- Task requirements
Reproduce the data below exactly. Skip the pictures.

- Provided data

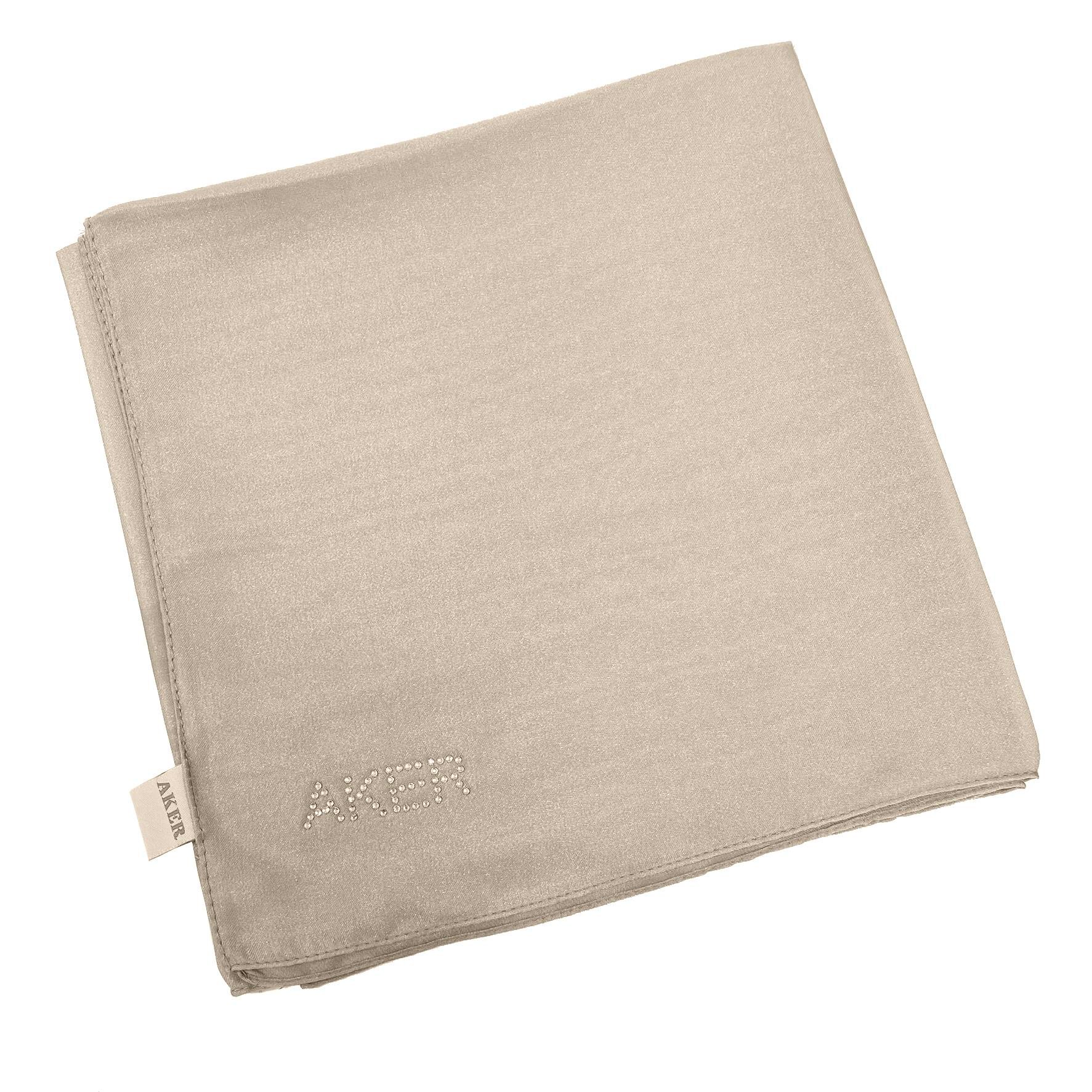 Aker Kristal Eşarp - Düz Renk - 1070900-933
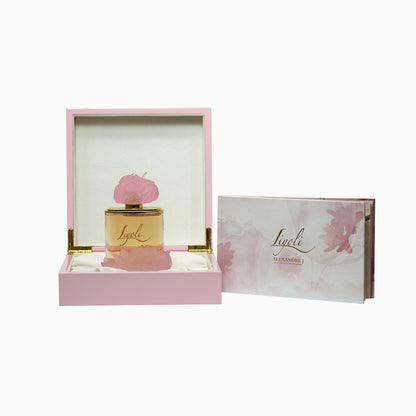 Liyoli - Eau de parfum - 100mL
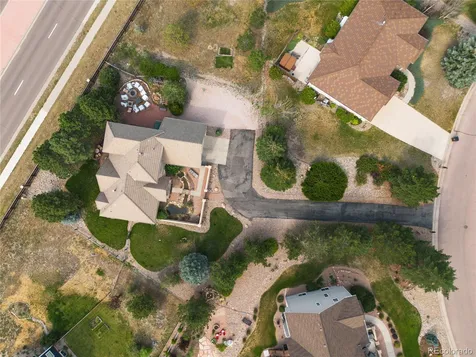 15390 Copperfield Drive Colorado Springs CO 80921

- Problem solution
 Aker Kristal Eşarp - Düz Renk - 1070900-933
 Liyoli - Eau de parfum - 100mL
 15390 Copperfield Drive Colorado Springs CO 80921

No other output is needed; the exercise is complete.